The researchers describe the goal as follows. “We propose a new ‘fragment reconstruction’ task where we take a ligand/receptor complex, remove a portion of the ligand, and ask the question ‘what molecular fragment should go here.’”
About 60% of the data were used in a training model for the machine learning algorithm. This was then evaluated on 20% of the data and further refined before the final evaluation on the remaining 20% of the data. The details are beyond the scope of this post (and frankly beyond me as well) but DeepFrag recapitulated known fragments about 60% of the time. Importantly, the model worked for diverse types of fragments, including both polar and hydrophobic examples. Even “wrong” answers were often similar to the “correct” responses, for example a methyl group instead of a chlorine atom. In some cases where DeepFrag’s predictions differed from the original ligand the researchers note that these may be acceptable alternatives, a hypothesis supported by subsequent molecular docking studies.

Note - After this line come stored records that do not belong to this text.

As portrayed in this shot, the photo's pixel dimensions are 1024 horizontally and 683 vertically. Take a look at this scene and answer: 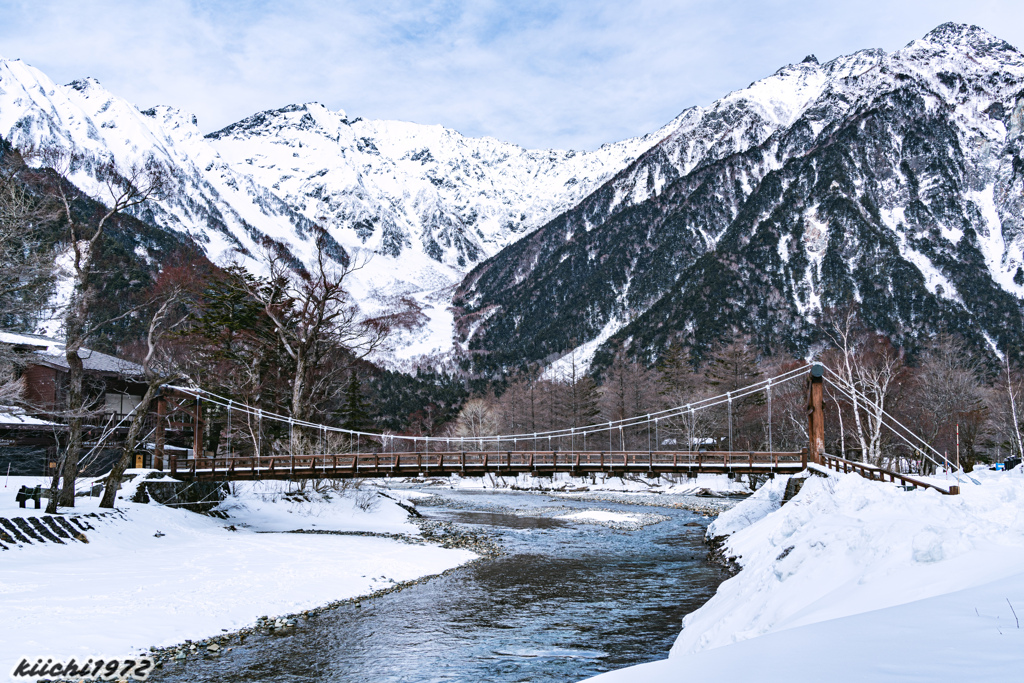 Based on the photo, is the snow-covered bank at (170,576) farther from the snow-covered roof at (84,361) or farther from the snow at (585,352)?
the snow at (585,352)

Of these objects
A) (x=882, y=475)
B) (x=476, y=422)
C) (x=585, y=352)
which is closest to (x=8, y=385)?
(x=882, y=475)

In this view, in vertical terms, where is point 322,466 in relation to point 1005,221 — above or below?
below

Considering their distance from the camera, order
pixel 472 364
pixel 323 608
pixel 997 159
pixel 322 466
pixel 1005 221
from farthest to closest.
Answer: pixel 472 364 → pixel 997 159 → pixel 1005 221 → pixel 322 466 → pixel 323 608

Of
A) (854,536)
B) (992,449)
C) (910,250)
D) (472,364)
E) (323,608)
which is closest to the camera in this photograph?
(854,536)

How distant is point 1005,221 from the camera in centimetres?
13938

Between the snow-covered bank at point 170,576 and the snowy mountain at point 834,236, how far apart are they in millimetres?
94875

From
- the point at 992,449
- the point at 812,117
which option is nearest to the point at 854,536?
the point at 992,449

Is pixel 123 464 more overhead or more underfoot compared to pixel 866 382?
more underfoot

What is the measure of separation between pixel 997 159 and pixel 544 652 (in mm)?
176679

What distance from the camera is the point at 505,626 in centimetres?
1471

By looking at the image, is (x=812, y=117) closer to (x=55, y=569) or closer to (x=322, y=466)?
(x=322, y=466)

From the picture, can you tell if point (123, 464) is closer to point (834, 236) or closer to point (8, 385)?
point (8, 385)

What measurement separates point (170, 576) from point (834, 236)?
132 meters

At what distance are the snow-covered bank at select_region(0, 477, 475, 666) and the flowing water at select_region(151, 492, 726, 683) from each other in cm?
124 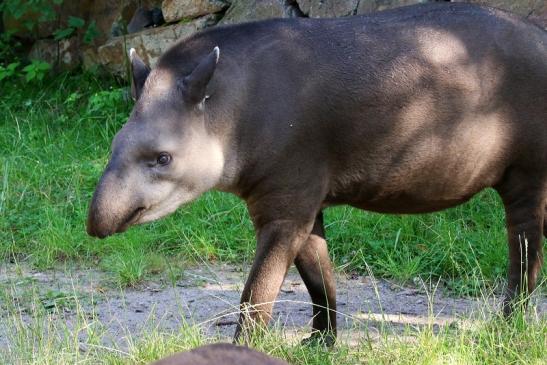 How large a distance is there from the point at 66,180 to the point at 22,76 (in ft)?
8.75

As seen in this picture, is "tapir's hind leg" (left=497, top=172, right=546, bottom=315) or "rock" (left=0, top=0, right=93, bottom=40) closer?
"tapir's hind leg" (left=497, top=172, right=546, bottom=315)

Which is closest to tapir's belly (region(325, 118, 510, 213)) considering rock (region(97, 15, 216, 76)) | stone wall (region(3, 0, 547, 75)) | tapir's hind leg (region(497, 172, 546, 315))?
tapir's hind leg (region(497, 172, 546, 315))

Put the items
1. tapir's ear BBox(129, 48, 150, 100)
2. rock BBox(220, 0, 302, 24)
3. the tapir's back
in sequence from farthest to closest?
rock BBox(220, 0, 302, 24)
tapir's ear BBox(129, 48, 150, 100)
the tapir's back

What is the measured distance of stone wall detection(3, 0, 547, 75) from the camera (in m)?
8.13

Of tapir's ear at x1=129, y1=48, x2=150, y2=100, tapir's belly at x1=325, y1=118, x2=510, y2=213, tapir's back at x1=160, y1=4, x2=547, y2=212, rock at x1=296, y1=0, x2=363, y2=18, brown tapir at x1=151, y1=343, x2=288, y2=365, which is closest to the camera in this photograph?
brown tapir at x1=151, y1=343, x2=288, y2=365

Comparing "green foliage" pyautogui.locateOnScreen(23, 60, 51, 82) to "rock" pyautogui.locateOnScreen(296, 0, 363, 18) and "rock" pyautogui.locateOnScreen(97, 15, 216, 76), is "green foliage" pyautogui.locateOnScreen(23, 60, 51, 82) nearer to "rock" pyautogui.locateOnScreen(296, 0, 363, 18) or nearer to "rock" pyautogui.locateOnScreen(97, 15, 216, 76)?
"rock" pyautogui.locateOnScreen(97, 15, 216, 76)

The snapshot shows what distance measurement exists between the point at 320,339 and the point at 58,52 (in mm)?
6230

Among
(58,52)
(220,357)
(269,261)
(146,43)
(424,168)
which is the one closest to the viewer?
(220,357)

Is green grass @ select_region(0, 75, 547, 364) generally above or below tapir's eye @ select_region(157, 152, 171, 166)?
below

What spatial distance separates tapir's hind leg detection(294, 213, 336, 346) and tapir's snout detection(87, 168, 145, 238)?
3.57 feet

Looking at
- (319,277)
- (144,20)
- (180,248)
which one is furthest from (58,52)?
(319,277)

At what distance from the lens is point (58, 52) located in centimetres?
1041

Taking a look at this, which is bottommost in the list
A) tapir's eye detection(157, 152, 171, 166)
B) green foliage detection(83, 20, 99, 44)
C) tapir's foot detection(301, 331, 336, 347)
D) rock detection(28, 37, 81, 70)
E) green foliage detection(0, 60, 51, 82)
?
rock detection(28, 37, 81, 70)

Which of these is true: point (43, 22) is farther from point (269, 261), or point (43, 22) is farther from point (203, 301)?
point (269, 261) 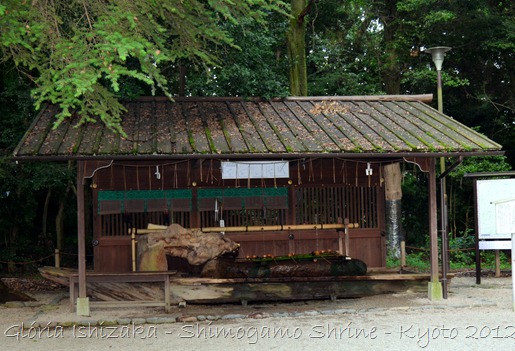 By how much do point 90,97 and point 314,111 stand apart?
17.0 ft

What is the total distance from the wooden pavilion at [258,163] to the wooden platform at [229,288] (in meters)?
0.71

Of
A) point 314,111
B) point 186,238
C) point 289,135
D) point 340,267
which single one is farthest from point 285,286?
point 314,111

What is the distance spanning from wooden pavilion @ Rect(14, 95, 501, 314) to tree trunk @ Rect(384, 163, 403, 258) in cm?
343

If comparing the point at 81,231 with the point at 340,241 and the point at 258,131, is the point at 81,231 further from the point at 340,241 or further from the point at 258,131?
the point at 340,241

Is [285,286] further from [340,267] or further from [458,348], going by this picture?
[458,348]

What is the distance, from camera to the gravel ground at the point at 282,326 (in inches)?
336

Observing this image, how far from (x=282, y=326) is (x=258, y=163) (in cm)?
420

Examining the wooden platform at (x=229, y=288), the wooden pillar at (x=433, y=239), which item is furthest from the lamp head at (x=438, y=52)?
the wooden platform at (x=229, y=288)

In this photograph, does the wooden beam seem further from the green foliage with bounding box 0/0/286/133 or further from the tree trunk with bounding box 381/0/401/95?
the tree trunk with bounding box 381/0/401/95

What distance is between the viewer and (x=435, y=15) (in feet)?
60.8

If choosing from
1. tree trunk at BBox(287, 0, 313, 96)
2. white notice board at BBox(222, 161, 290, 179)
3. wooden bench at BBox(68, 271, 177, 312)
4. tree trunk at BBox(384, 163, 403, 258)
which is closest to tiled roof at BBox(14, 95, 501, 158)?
white notice board at BBox(222, 161, 290, 179)

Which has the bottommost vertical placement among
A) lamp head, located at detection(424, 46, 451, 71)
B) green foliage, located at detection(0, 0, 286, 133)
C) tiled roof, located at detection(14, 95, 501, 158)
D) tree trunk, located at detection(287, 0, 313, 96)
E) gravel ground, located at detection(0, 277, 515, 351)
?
gravel ground, located at detection(0, 277, 515, 351)

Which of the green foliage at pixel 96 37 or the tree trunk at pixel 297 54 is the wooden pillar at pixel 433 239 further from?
the tree trunk at pixel 297 54

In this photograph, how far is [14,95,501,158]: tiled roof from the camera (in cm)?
1052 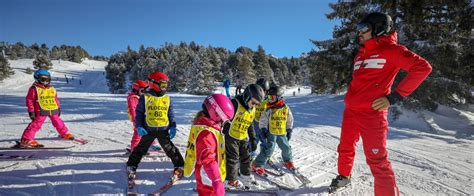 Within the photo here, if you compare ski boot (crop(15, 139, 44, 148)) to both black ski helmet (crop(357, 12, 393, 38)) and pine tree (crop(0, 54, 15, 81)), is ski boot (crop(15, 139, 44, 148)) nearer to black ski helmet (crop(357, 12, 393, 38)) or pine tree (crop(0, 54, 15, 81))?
black ski helmet (crop(357, 12, 393, 38))

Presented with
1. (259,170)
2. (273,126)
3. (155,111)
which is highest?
(155,111)

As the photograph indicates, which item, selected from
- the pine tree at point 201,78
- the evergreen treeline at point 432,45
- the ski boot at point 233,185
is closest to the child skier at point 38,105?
the ski boot at point 233,185

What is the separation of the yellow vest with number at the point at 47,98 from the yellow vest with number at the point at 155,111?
3739mm

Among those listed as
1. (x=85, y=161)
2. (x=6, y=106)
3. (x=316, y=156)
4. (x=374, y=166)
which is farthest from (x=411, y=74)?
(x=6, y=106)

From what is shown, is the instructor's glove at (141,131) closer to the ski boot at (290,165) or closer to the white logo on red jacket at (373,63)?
the ski boot at (290,165)

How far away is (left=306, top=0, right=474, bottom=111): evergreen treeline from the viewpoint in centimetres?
947

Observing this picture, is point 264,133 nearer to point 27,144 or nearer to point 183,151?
point 183,151

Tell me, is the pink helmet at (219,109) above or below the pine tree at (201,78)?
above

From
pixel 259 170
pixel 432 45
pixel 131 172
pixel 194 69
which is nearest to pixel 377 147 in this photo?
pixel 259 170

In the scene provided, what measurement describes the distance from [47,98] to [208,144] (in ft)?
19.3

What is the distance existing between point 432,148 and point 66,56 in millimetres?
123794

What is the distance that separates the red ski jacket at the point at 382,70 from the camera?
3.00 meters

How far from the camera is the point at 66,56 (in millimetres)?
105000

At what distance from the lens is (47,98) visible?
6.58 m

Of course, the goal for most of us is not to recapitulate known ligands but to optimize them, so the researchers applied DeepFrag to crystallographically identified ligands of the main protease from SARS-CoV-2. Many of them docked well, though they have yet to be synthesized and tested.
Laudably, the model and source code have been released and can be accessed here. However, as these require a certain amount of computer savvy to use, Harrison Green and Jacob Durrant have also created an open-source browser app which is described in an open-access application note in J. Chem. Inf. Mod.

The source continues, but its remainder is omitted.